Religious Boredom
September 8, 2010 at 9:39 am | Posted in A. W. Tozer | Leave a commentTags: A. W. Tozer, Man the Dwelling Place of God, Religious Boredom
Insight from A. W. Tozer
That there is something gravely wrong with evangelical Christianity today is not likely to be denied by any serious-minded person acquainted with the facts. Just what is wrong is not so easy to determine.
In examining the situation myself I find nature and reason in conflict within me, for I tend by temperament to want to settle everything with a sweep of the pen. But reason advises caution; nothing is that simple, and we must be careful to distinguish cause from effect. As every doctor knows there is a wide difference between the disease and the symptoms; and ever Christian knows that there is a big difference between cause and effect in the sphere of religion…………

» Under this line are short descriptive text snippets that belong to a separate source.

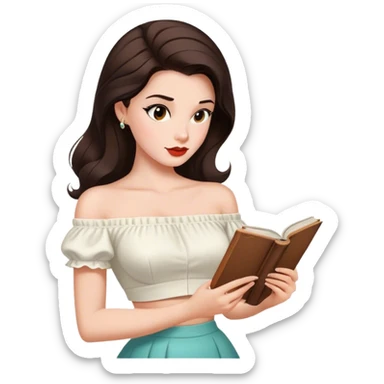 Beautiful woman in 1950’s woman fashion look, off-shoulder white shirts crop top, long dark brown hair, reading sticker
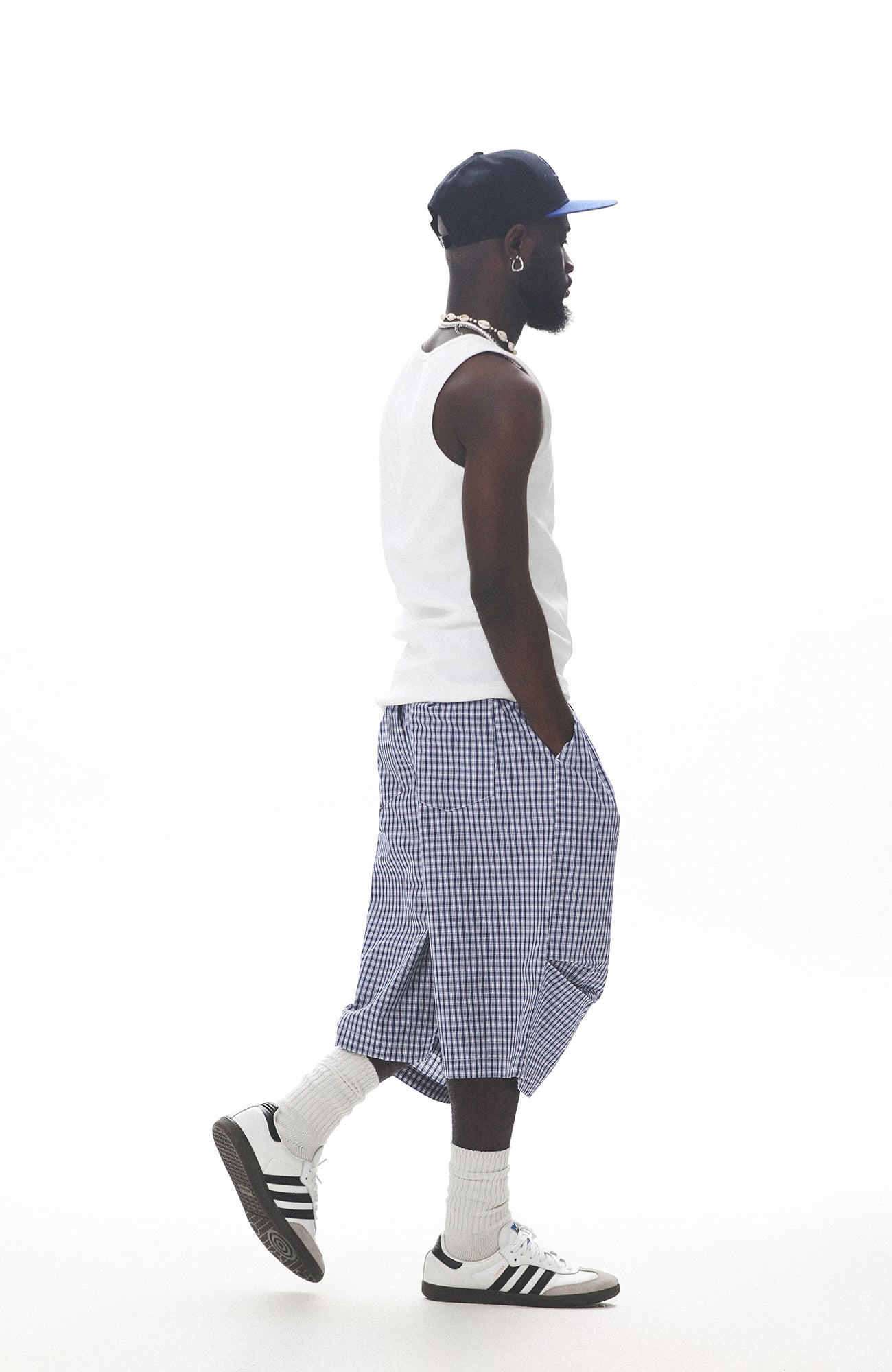UNTILWERICH Check Drawstring Wide Shorts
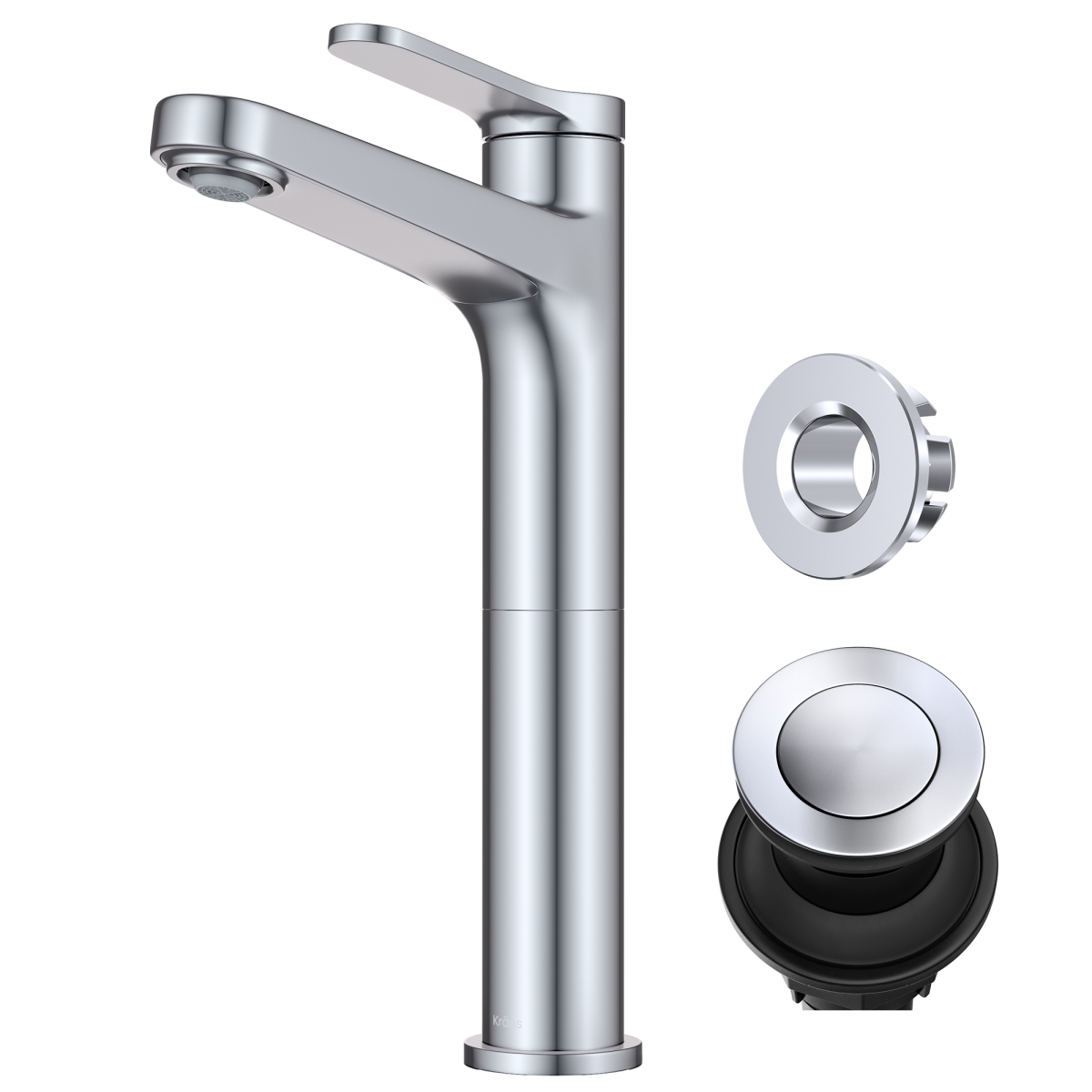 Picture of Kraus KVF-1410CH Indy Single Handle Vessel Bathroom Faucet with Pop Up Drain & Supply Lines in Chrome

One mark of the low state of affairs among us is religious boredom. Whether this is a thing in itself or merely a symptom of the thing, I do not know for sure, though I suspect that it is the latter. And that it is found to some degree almost everywhere among Christians is too evident to be denied.
Boredom is, of course, a state of mind resulting from trying to maintain an interest in something that holds no trace of interest for us…………. Boredom comes when a man must try to hear with relish what for want of relish he hardly hears at all…………………
When Moses tarried in the mount, Israel became bored with the faith that sees the invisible and clamored for a god they could see and touch. And they displayed a great deal more enthusiasm for the golden calf than they did over the Lord God of Abraham…………….
Those Christians who belong to the evangelical wing of the church…….. have over the last half-century shown an increasing impatience with things invisible and eternal and have demanded and got a host of things visible and temporal to satisfy their fleshly appetites. Without Biblical authority, or any other right under the sun, carnal religious leaders have introduced a host of attractions that serve no purpose except to provide entertainment for the retarded saints.
It is now common practice in most evangelical churches to offer the people, especially the young people, a maximum of entertainment and a minimum of serious instruction. It is scarcely possible in most places to get anyone to attend a meeting where the only attraction is God. One can only conclude that that God’s professed children are bored with Him, for they must be wooed to meeting with a stick of striped candy in the form of religious movies, games and refreshments.
This has influenced the whole pattern of church life, and even brought into being a new type of church architecture, designed to house the golden calf……..
Any objection to the carryings on of our present golden-calf Christianity is met with the triumphant, “But we are winning them!” And winning them to what? To true discipleship? To cross-carrying? To separation from the world? To crucifixion of the flesh? To holy living? To nobility of character? To despising of the world’s treasures? To hard self-discipline? To love for God? To total committal to Christ? Of course the answer to all these questions is no.
We are paying a frightful price for our religious boredom. And that at the moment of the world’s mortal peril. – Taken from Man: The Dwelling Place of God, pages 133-136. Christian Publications, Inc. 1966.